*Exercise directions*
Copy the listing exactly; drop the pictures.

□ □ □ □ □ □ □

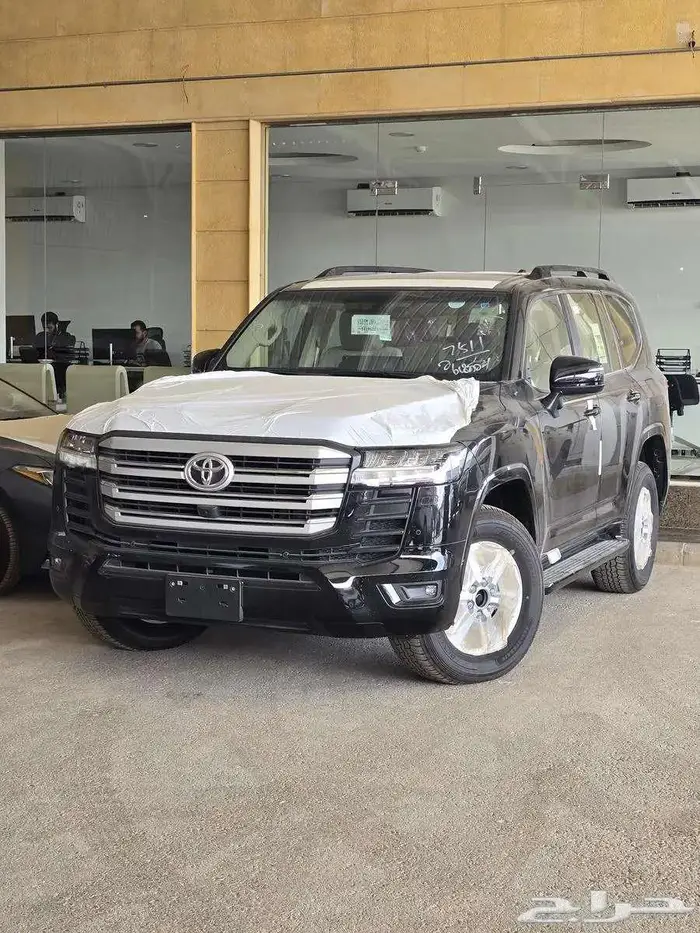 لاندكروزر جي اكس ار بنزين L2 أسود سعودي 2025 متوفر لدى الحسن 0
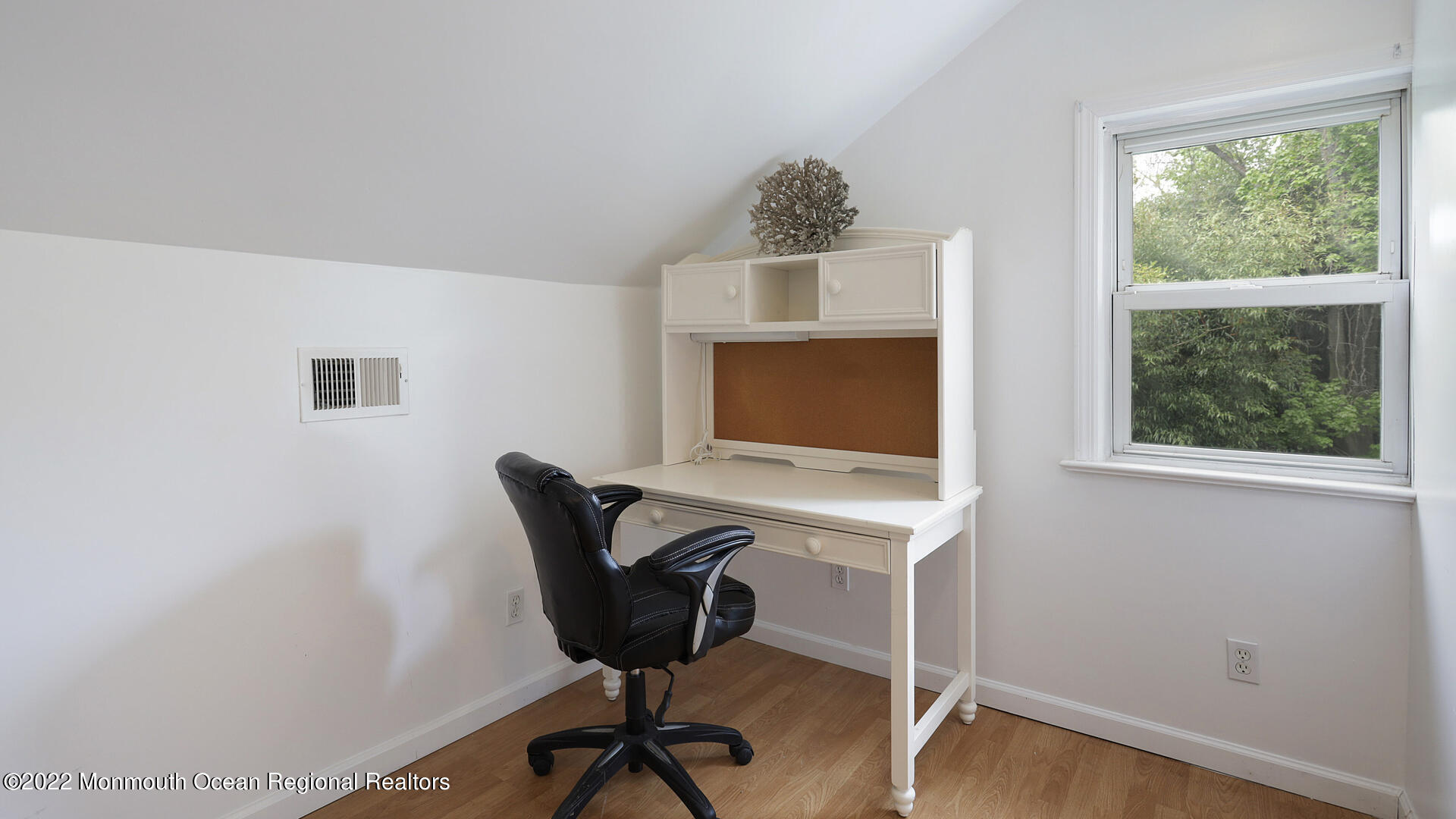 844 Holmdel Road Holmdel, NJ 07733 - Photo 25 of 31 2nd Level Office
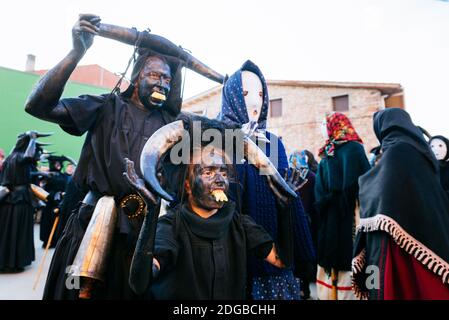 Teufel von Luzon. Karneval Von Luzon. Zwei Charaktere sind die Protagonisten des Luzon Karneval, Teufel und maskierte Figuren - Diablos y mascaritas. Luzón, G Stockfoto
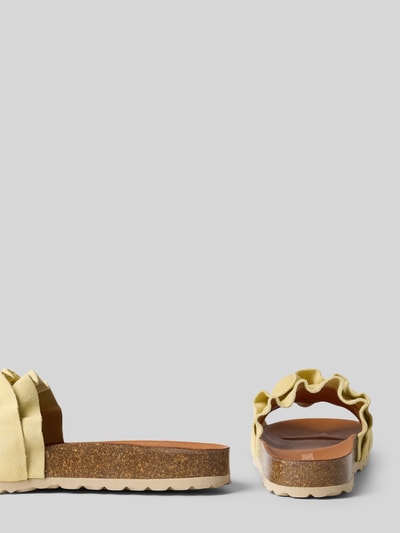 Produktfoto, Slipper aus echtem Leder Modell 'Rocio' von Verbenas, Damen Slipper mit Rüschenbesatz, offene Ferse, profilierte Sohle, abgerundete Passform, Absatzhöhe 3 cm, gelb-beige Farbtöne, natürliche Glattstruktur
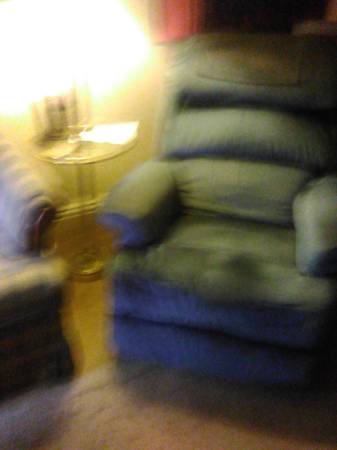 LAZYBOY RECLINER& ROCKER REDUCE PRICE!! 1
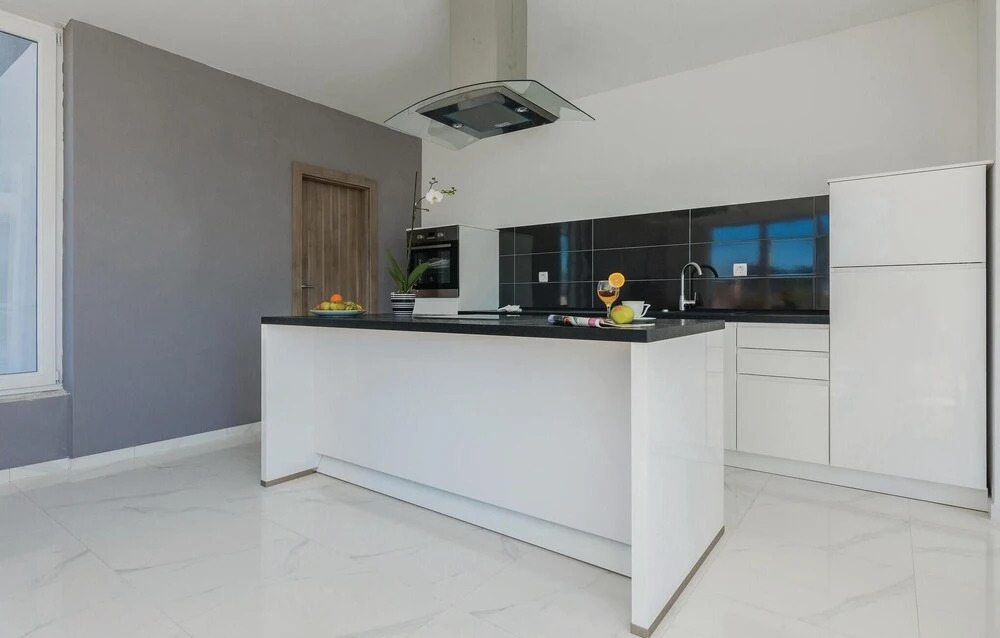Three-Bedroom Holiday Home In Kozino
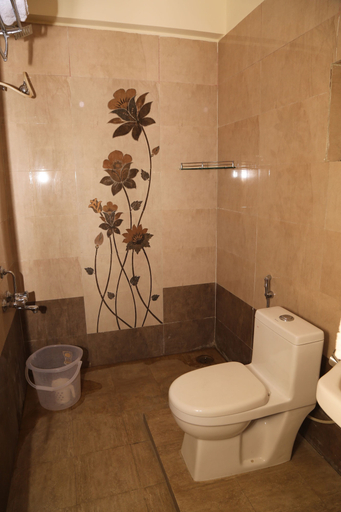 Bathroom 3, Hotel Blue bell, Bangalore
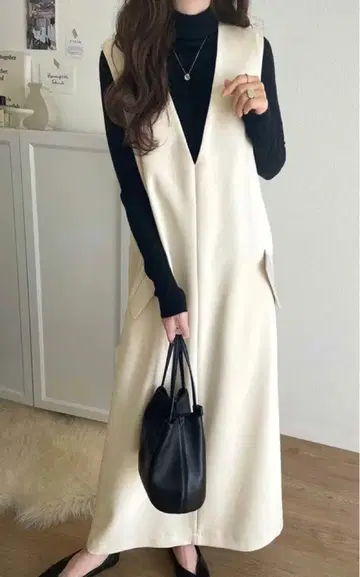 아이보리 슬리브리스 롱 원피스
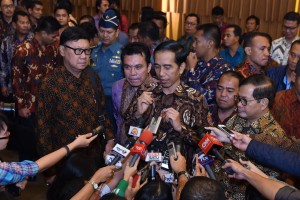 Presiden Jokowi didampingi Mendagri dan Seskab Pramono Anung menjawab wartawan mengenai pengunduran diri Setya Novanto, di Hotel Pulman, Jakarta, Kamis (17/12)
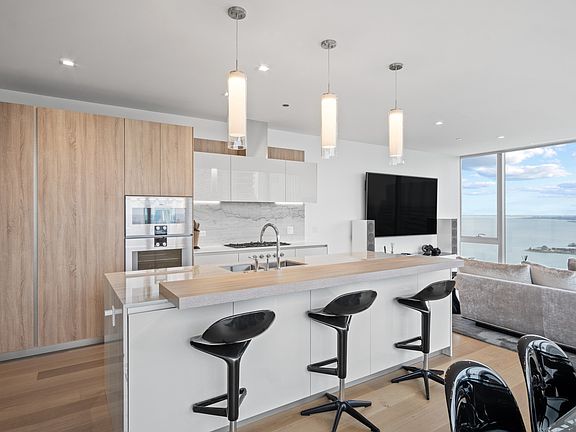 4th image of 363 E Wacker Dr #6001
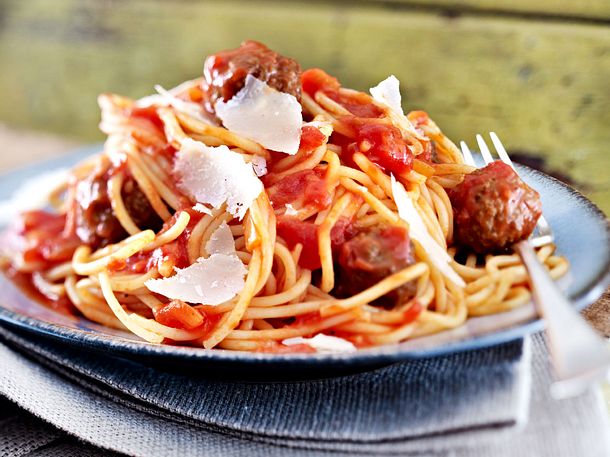 Hackbällchen in Tomatensosse mit Spaghetti Rezept Hackbällchen in Tomatensosse mit Spaghetti Rezept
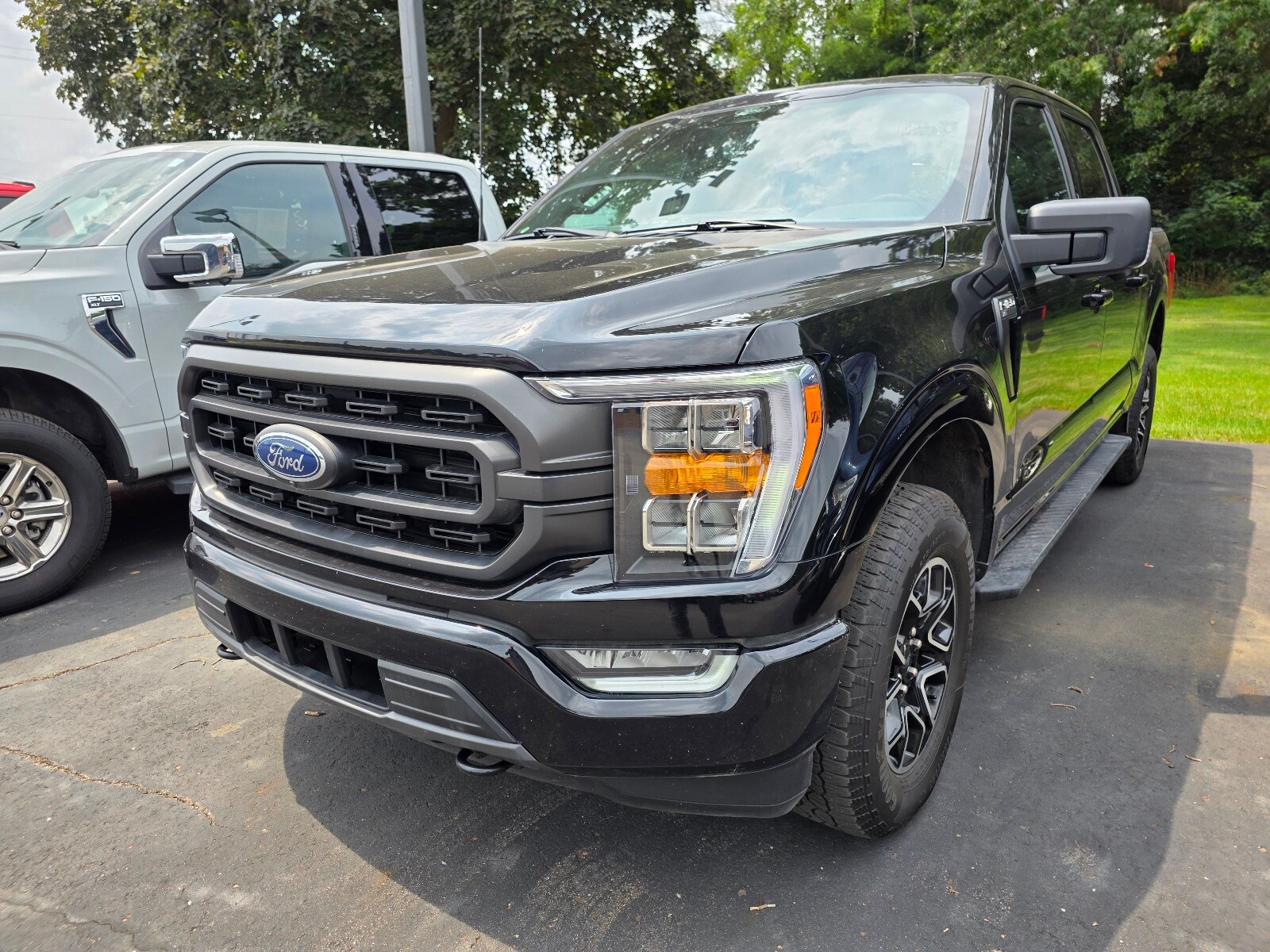 2022 Ford F-150 XLT photo 2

□ □ □ □ □ □ □

*Worked solution*
 لاندكروزر جي اكس ار بنزين L2 أسود سعودي 2025 متوفر لدى الحسن 0
 844 Holmdel Road Holmdel, NJ 07733 - Photo 25 of 31 2nd Level Office
 Teufel von Luzon. Karneval Von Luzon. Zwei Charaktere sind die Protagonisten des Luzon Karneval, Teufel und maskierte Figuren - Diablos y mascaritas. Luzón, G Stockfoto
 Produktfoto, Slipper aus echtem Leder Modell 'Rocio' von Verbenas, Damen Slipper mit Rüschenbesatz, offene Ferse, profilierte Sohle, abgerundete Passform, Absatzhöhe 3 cm, gelb-beige Farbtöne, natürliche Glattstruktur
 LAZYBOY RECLINER& ROCKER REDUCE PRICE!! 1
Three-Bedroom Holiday Home In Kozino
 Bathroom 3, Hotel Blue bell, Bangalore
 아이보리 슬리브리스 롱 원피스
 Presiden Jokowi didampingi Mendagri dan Seskab Pramono Anung menjawab wartawan mengenai pengunduran diri Setya Novanto, di Hotel Pulman, Jakarta, Kamis (17/12)
 4th image of 363 E Wacker Dr #6001
 Hackbällchen in Tomatensosse mit Spaghetti Rezept Hackbällchen in Tomatensosse mit Spaghetti Rezept
 2022 Ford F-150 XLT photo 2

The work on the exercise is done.